A coalition of major Christian denominations issued a set of guidelines Tuesday for missionary work with the aim of gaining converts without gaining enemies.
The five-page document, laid out by the Catholic Church, the World Council of Churches and the World Evangelical Alliance, comes amid reports of tension between Christians and non-Christians in areas such as the Middle East and South Asia, as well as allegations that some missionaries have acted unethically when trying to gain converts.
The three groups represent hundreds of Christian denominations, including Orthodox, Catholic, Anglican, Protestant, Evangelical, Pentecostal and independent churches.
"Christian Witness in a Multi-Religious World: Recommendations for Conduct" tells Christians that they have the duty to "share the good news of God's kingdom," but cautions that they should "build relations of respect and trust with all religions."
But the document also tells missionaries and evangelists to put a stop to "inappropriate methods of exercising mission by resorting to deception and coercive means." The group urges Christians to "conduct themselves with integrity, charity, compassion and humility, and overcome all arrogance, condescension and disparagement" when talking to non-Christians, as such actions "betray the gospel and may cause suffering to others."
The document comes from a five-year project initiated by the Geneva-based World Council of Churches, which represents 349 church denominations worldwide, including dozens that are based in the United States.

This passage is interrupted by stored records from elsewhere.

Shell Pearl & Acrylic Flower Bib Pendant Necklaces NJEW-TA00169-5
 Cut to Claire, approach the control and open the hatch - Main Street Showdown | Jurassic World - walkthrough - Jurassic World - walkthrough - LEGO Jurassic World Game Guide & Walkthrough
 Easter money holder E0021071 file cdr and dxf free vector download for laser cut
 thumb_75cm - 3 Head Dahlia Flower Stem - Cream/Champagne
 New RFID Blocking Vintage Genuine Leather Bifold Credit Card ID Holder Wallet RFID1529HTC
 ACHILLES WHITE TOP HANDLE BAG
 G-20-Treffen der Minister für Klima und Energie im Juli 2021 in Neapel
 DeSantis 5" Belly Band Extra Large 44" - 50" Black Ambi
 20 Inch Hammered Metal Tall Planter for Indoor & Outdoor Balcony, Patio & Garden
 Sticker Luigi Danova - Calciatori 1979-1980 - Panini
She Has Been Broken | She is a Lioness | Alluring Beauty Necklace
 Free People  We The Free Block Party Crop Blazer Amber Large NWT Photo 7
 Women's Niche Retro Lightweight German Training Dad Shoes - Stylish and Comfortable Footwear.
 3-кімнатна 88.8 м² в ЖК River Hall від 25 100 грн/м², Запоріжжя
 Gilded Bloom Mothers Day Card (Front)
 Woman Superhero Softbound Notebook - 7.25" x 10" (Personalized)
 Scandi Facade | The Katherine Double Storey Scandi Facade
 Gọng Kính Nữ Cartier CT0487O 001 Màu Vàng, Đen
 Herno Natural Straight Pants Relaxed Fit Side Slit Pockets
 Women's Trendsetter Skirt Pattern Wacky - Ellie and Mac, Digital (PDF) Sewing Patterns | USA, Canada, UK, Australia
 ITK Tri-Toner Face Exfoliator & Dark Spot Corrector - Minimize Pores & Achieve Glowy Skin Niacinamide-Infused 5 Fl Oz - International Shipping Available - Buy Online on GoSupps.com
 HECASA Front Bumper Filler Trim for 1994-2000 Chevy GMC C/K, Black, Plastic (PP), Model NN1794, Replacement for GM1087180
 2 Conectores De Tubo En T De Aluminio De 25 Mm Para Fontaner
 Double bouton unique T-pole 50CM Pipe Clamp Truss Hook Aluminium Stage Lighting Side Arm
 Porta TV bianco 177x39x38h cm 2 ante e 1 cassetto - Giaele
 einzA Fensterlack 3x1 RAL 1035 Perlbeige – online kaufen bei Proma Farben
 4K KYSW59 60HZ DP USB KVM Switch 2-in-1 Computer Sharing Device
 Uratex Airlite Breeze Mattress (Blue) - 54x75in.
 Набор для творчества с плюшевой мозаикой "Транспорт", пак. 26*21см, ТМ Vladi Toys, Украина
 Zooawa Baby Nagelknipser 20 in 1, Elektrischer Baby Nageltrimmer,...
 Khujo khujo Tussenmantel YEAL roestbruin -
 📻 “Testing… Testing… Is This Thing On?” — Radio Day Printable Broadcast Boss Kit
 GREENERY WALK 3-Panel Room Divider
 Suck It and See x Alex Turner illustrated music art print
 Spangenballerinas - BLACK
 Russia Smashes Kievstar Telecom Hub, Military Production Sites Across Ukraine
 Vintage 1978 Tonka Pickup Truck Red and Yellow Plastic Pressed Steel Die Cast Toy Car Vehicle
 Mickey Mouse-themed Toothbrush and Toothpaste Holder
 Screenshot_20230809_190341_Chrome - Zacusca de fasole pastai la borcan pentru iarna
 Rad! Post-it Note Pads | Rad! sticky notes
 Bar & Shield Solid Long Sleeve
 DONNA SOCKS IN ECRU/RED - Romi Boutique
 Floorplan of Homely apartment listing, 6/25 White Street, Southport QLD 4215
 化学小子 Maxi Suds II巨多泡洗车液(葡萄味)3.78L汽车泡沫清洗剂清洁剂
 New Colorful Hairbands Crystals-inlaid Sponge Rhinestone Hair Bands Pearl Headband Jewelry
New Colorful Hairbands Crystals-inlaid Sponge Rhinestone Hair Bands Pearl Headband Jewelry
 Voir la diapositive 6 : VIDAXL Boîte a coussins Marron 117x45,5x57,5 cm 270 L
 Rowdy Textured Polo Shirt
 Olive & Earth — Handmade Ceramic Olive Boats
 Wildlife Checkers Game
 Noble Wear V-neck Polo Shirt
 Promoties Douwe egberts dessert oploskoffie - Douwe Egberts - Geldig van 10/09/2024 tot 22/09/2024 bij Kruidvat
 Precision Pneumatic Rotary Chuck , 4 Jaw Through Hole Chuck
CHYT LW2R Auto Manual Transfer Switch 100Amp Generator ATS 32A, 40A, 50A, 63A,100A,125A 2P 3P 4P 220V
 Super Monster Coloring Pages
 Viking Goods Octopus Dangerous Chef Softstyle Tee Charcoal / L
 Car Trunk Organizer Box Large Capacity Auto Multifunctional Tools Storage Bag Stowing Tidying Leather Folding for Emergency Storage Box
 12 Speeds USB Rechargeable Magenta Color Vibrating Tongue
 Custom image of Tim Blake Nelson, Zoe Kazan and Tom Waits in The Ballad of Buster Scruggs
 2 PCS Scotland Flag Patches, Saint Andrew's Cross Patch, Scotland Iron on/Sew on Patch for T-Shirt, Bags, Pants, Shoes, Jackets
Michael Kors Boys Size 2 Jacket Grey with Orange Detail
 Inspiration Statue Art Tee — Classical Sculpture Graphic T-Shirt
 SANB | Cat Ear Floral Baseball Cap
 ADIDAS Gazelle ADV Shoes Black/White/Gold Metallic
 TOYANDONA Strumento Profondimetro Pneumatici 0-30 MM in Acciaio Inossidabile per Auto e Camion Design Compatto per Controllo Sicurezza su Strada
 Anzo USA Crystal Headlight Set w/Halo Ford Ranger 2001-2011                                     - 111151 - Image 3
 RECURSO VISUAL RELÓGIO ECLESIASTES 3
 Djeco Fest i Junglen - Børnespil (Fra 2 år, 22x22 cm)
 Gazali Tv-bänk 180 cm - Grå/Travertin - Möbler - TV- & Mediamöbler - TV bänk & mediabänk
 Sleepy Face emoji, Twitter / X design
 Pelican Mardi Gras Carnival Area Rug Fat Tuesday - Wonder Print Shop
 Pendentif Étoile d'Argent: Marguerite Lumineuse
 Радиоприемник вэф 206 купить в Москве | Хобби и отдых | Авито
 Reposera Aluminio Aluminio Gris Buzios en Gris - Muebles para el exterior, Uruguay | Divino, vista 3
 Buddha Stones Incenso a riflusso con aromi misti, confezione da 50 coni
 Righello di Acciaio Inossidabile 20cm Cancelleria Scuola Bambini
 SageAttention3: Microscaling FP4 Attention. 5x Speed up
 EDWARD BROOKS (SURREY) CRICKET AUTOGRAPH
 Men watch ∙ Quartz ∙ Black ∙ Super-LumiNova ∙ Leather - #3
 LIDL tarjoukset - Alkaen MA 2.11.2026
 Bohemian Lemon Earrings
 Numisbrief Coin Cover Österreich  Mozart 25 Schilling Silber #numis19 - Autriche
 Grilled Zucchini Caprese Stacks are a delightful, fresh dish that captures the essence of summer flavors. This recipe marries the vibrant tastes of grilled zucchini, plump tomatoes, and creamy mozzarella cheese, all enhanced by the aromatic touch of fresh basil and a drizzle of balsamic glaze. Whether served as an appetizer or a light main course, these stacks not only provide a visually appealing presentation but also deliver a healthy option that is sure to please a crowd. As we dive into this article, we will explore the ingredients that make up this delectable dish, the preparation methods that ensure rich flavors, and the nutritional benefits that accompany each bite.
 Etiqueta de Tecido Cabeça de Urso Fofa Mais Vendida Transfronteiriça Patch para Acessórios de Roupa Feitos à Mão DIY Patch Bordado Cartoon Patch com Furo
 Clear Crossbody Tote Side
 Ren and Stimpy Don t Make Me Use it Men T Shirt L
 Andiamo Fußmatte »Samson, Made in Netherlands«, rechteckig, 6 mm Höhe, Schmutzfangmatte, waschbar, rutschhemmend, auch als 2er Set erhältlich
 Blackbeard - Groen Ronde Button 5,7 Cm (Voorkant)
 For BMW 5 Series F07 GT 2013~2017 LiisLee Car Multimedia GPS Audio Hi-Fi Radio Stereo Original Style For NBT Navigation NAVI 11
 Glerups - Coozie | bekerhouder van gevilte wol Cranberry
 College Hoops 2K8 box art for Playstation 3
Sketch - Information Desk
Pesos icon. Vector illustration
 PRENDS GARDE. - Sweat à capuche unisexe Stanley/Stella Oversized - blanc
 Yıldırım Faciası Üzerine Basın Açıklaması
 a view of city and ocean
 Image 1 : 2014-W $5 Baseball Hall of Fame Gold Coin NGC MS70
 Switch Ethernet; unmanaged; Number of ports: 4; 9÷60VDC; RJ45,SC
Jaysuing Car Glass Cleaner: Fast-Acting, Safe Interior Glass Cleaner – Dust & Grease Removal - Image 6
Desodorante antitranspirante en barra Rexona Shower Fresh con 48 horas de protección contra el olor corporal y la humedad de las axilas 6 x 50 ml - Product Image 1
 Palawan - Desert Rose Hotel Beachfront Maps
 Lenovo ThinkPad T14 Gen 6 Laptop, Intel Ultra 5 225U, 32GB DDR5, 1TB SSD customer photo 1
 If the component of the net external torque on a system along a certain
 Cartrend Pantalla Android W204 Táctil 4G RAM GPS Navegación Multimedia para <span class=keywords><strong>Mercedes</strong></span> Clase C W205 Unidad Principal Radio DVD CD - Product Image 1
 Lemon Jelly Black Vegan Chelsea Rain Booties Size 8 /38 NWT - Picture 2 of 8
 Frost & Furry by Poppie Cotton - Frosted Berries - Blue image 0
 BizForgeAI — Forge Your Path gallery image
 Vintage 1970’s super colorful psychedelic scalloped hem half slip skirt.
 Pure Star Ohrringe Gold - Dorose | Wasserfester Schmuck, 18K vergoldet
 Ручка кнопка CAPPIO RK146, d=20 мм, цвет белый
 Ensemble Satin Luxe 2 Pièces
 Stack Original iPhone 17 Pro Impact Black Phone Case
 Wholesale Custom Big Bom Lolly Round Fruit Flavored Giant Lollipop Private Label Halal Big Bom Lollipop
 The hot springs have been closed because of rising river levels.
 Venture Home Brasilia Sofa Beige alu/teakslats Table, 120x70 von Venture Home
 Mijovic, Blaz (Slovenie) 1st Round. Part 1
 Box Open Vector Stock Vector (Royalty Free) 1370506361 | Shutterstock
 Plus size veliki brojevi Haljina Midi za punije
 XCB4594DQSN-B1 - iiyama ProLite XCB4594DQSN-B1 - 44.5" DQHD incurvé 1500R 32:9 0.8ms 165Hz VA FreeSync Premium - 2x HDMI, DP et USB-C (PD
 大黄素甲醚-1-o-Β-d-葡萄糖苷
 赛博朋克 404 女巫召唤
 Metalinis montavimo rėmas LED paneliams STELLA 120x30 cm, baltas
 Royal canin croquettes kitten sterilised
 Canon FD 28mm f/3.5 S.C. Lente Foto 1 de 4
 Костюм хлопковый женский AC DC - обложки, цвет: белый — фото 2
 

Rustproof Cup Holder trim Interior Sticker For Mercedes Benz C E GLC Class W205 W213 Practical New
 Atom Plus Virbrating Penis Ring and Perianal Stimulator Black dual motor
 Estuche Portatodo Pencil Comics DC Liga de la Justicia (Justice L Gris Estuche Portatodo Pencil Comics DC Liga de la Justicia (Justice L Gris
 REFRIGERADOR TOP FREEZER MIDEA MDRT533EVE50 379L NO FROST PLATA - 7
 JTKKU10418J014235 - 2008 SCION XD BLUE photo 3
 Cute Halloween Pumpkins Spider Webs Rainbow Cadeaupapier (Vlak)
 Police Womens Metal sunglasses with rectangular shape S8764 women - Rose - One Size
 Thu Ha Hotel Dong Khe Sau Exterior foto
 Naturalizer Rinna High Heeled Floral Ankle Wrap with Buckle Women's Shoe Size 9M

It stresses the groups' belief in religious freedom, including the "right to publicly profess, practice, propagate and change one's religion." The guide alludes to criticisms of religious tolerance in Muslim-majority nations such as Pakistan and urges governments "to ensure that freedom of religion is properly and comprehensively respected, recognizing that in many countries religious institutions and persons are inhibited from exercising their mission."
Churches have a duty to “to propose a greater vision of dialogue" and “reject nothing that is true and holy in each religion," said Cardinal Jean-Louis Tauran, president of the Pontifical Council for Interreligious Dialogue, the Vatican council that helped shape the guidelines
While the guidelines have the backing of the world's major Christian churches, it's unclear how much they will trickle down to ground-level missionary groups, which are often independently organized.
According to the Rev. Dr Olav Fykse Tveit, general secretary of the WCC, “We send this document to each of our constituencies with the hope that they will see these recommendations as an inspiration to design their own codes of conduct, relevant to their own particular contexts.”